自分に当て嵌めて想像してみれば、僕の中には『恐れ多い』という結論が出るだけ。真野先輩の創作は真野先輩だけで完結する。そこに余分が入り込む余地はない。どこまでいっても僕は受け取るだけの人間だ。
でも――清廉は違う。
憧れに手を伸ばせる自信、自負があるのだろう。
「ふふっ、こんなに夢みたいでワクワクするの生まれて初めてだわっ。

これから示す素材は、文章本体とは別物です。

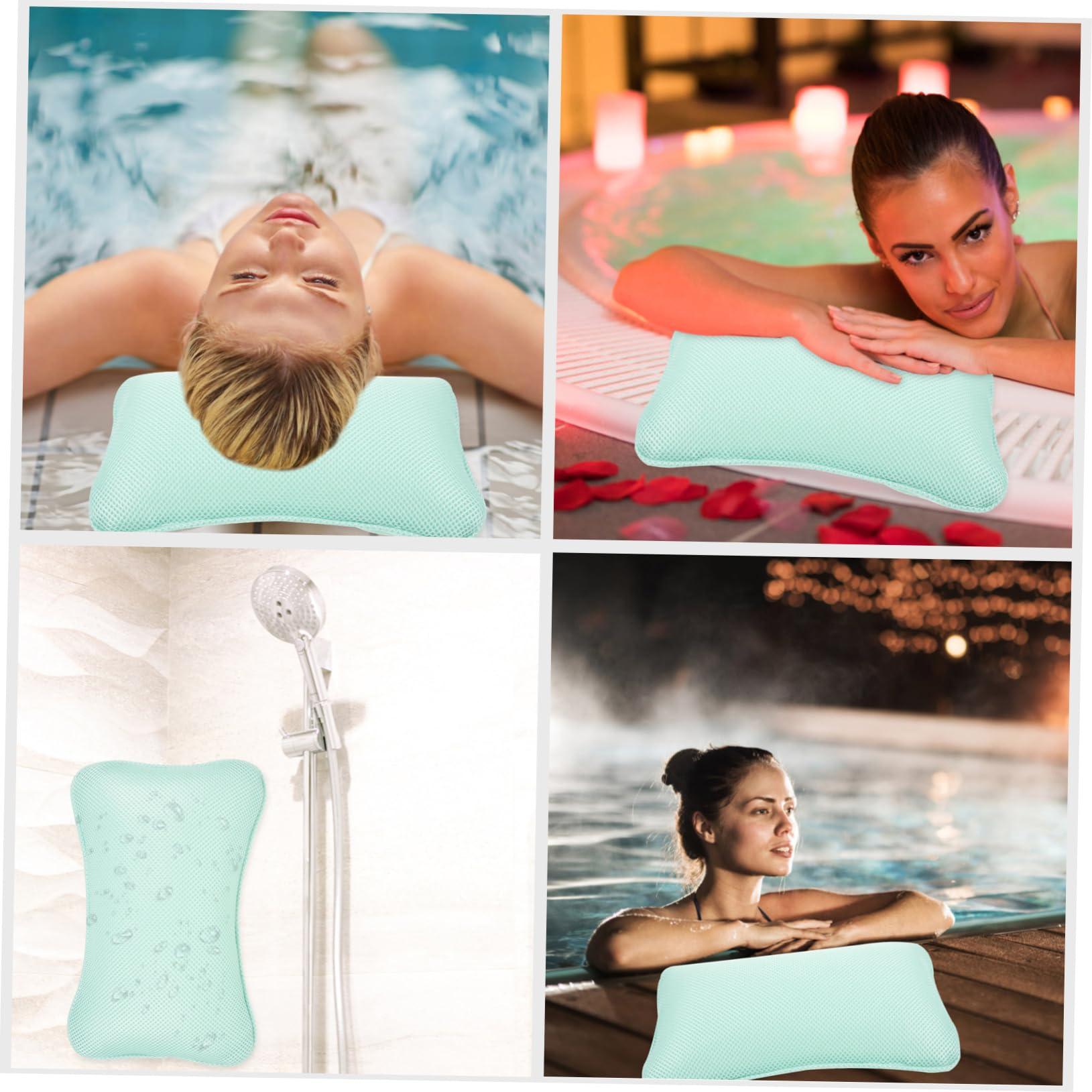 UTHCLO UTHCLO Pillow for Tub Bath Pillow for Curved Tub Bathtub Seat Curtain Inflatable Bath Pillow Spa Bathtub Pillows Bathtub Mat Sponge Absorbent Bath Mat Folding Bathtub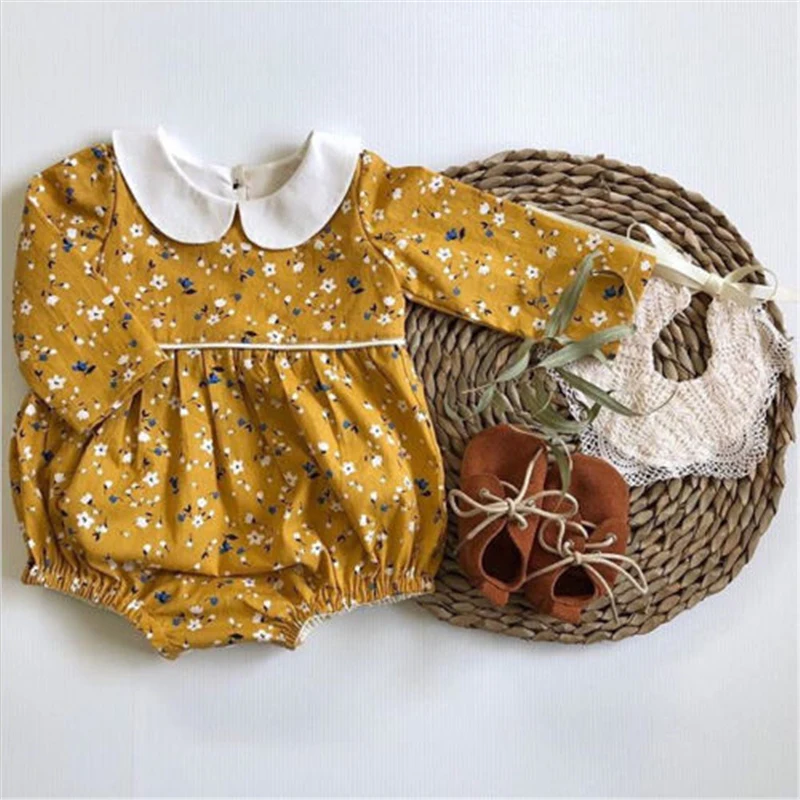 

Pudcoco Princess Newborn Baby Girl Floral Clothing Cotton linen Long Sleeve Romper Sunsuit Princess Outfits 0-18M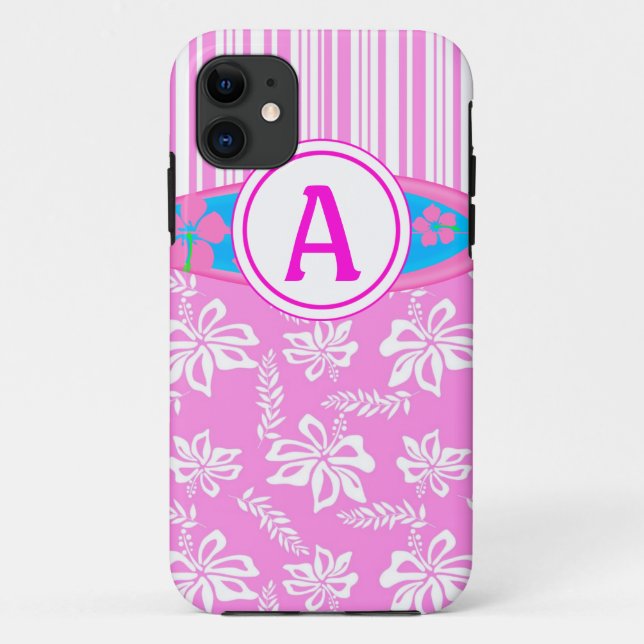 Capa Para iPhone Da Case-Mate Hibiscis Rosa Monograma e Surfboard iPhone 5 Case (Verso)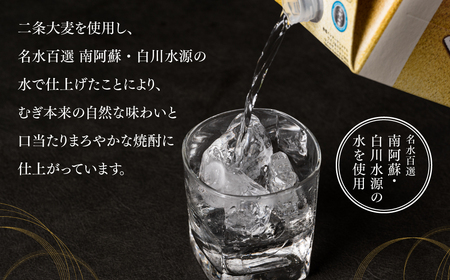 八代不知火蔵 白水 麦焼酎 1.8L パック 1本 25度 紙パック 麦 むぎ焼酎 1800ml 一升 1升 捨てやすい ロック 水割り 炭酸割り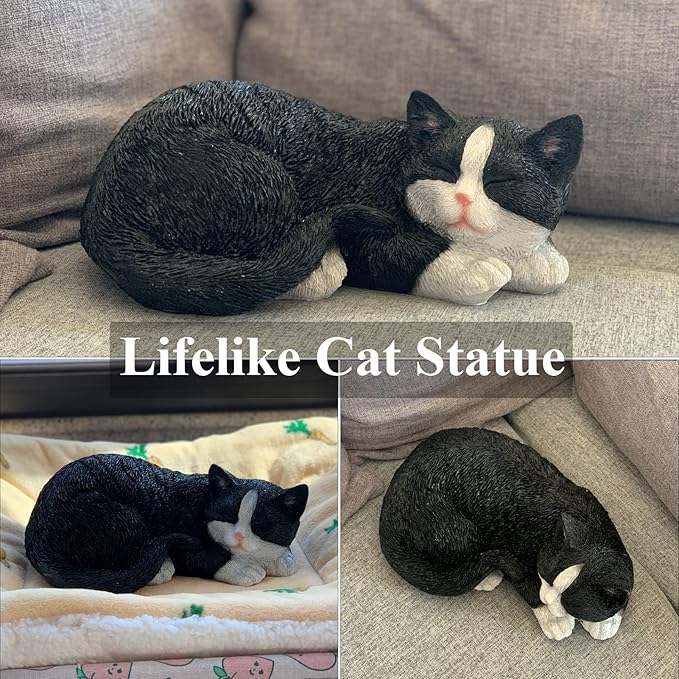 Cat Statue Outdoor Cat Figurines Garden Decor, Black Tabby Statue Figurine Decor Sculpture for Patio, Yard, Sleeping Tabby Statues for Indoor Table Accessory, Gift for Mom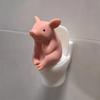 Mini Pig Desktop Ornaments Cartoon Toilet Pig Decoration Novelty Pig Figurine  Car Decor
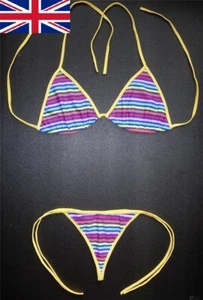 Sexy G-STRING BIKINI Stripped Swimming Costume Swimsuit Ladies Swimwear Thong - Picture 1 of 4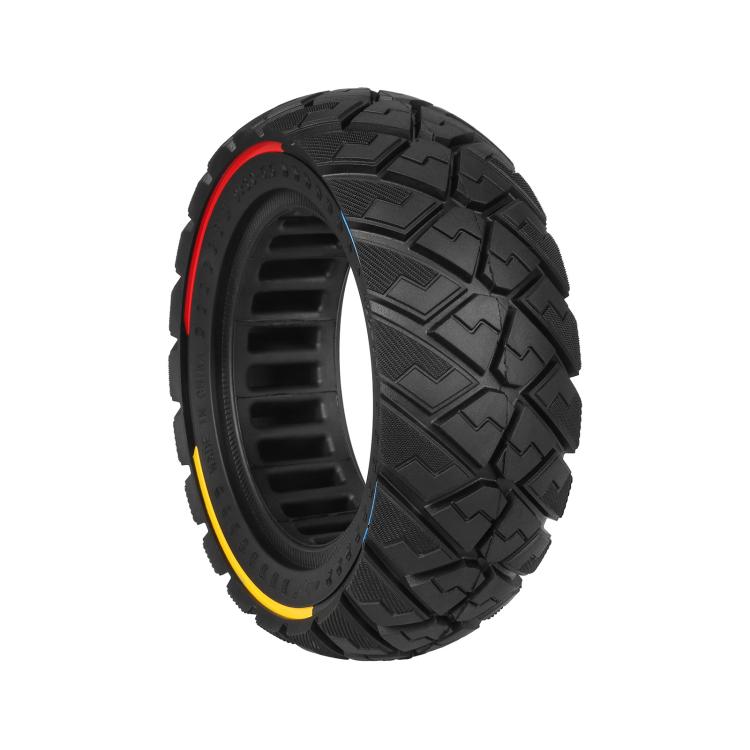 Black solid scooter tire with tri-color sidewall accents and diamond tread blocks.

ね、綾野、バンドってみんなで一緒に音楽作るのよね? どんな練習になるのかしら」
目の前でやる気を漲らせている女の子は歌姫『miu』で、星野さんが足元で消し飛ぶくらいの知名度を誇っているだろうに。清廉は確固たる自分の尺度で物事を見ている。
――特別な才能を持つ、特別な人が僕の隣ではしゃいでいる。
夢みたいなのは僕の方だ。
悪夢さえ晴らすようなあの歌声の持ち主が――。
「なに黙ってるのよ」
「二人と一緒にやるってのは初心者には」
「いーのよ初心者とかそーいうのは。あたし、案外あんたのこと気に入ってるみたいだし。あんたもあたしのこと好きでしょ?」
「……」
どうにも、清廉未羽という存在は僕の心臓に悪い。まるで太陽の擬人化のように眩しくて仕方がない。
「せーれんも星野さんも、僕にはもったいないくらい凄い人だと思ってるよ」
「星野も、ね。そうでしょう、そうでしょうっ。どーせ暑いだけの八月なんだからたのしー音楽の授業と思ってバンドも気楽に始めるのよっ」
清廉は満足気に頷きながら一歩前に進み、ぐいっと僕を焼けつくような直射日光の下に連れ出し――。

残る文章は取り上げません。